**YOUR GOAL**: Transcribe the data in full; each line must match exactly.

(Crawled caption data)
##############################
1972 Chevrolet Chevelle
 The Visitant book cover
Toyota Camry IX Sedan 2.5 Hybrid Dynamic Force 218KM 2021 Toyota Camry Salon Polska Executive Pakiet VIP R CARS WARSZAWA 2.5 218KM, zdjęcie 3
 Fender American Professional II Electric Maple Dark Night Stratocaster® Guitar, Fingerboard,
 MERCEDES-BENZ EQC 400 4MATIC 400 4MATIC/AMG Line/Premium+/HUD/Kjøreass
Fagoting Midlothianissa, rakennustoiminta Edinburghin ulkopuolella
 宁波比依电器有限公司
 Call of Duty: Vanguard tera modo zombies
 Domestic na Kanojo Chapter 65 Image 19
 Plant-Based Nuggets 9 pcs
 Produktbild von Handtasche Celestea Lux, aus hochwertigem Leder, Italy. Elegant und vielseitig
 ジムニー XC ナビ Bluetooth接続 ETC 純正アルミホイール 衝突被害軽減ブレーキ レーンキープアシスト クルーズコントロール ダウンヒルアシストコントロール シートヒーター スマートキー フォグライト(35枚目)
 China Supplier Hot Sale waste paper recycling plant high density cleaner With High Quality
##############################
**TASK RESULT**:
1972 Chevrolet Chevelle
 The Visitant book cover
Toyota Camry IX Sedan 2.5 Hybrid Dynamic Force 218KM 2021 Toyota Camry Salon Polska Executive Pakiet VIP R CARS WARSZAWA 2.5 218KM, zdjęcie 3
 Fender American Professional II Electric Maple Dark Night Stratocaster® Guitar, Fingerboard,
 MERCEDES-BENZ EQC 400 4MATIC 400 4MATIC/AMG Line/Premium+/HUD/Kjøreass
Fagoting Midlothianissa, rakennustoiminta Edinburghin ulkopuolella
 宁波比依电器有限公司
 Call of Duty: Vanguard tera modo zombies
 Domestic na Kanojo Chapter 65 Image 19
 Plant-Based Nuggets 9 pcs
 Produktbild von Handtasche Celestea Lux, aus hochwertigem Leder, Italy. Elegant und vielseitig
 ジムニー XC ナビ Bluetooth接続 ETC 純正アルミホイール 衝突被害軽減ブレーキ レーンキープアシスト クルーズコントロール ダウンヒルアシストコントロール シートヒーター スマートキー フォグライト(35枚目)
 China Supplier Hot Sale waste paper recycling plant high density cleaner With High Quality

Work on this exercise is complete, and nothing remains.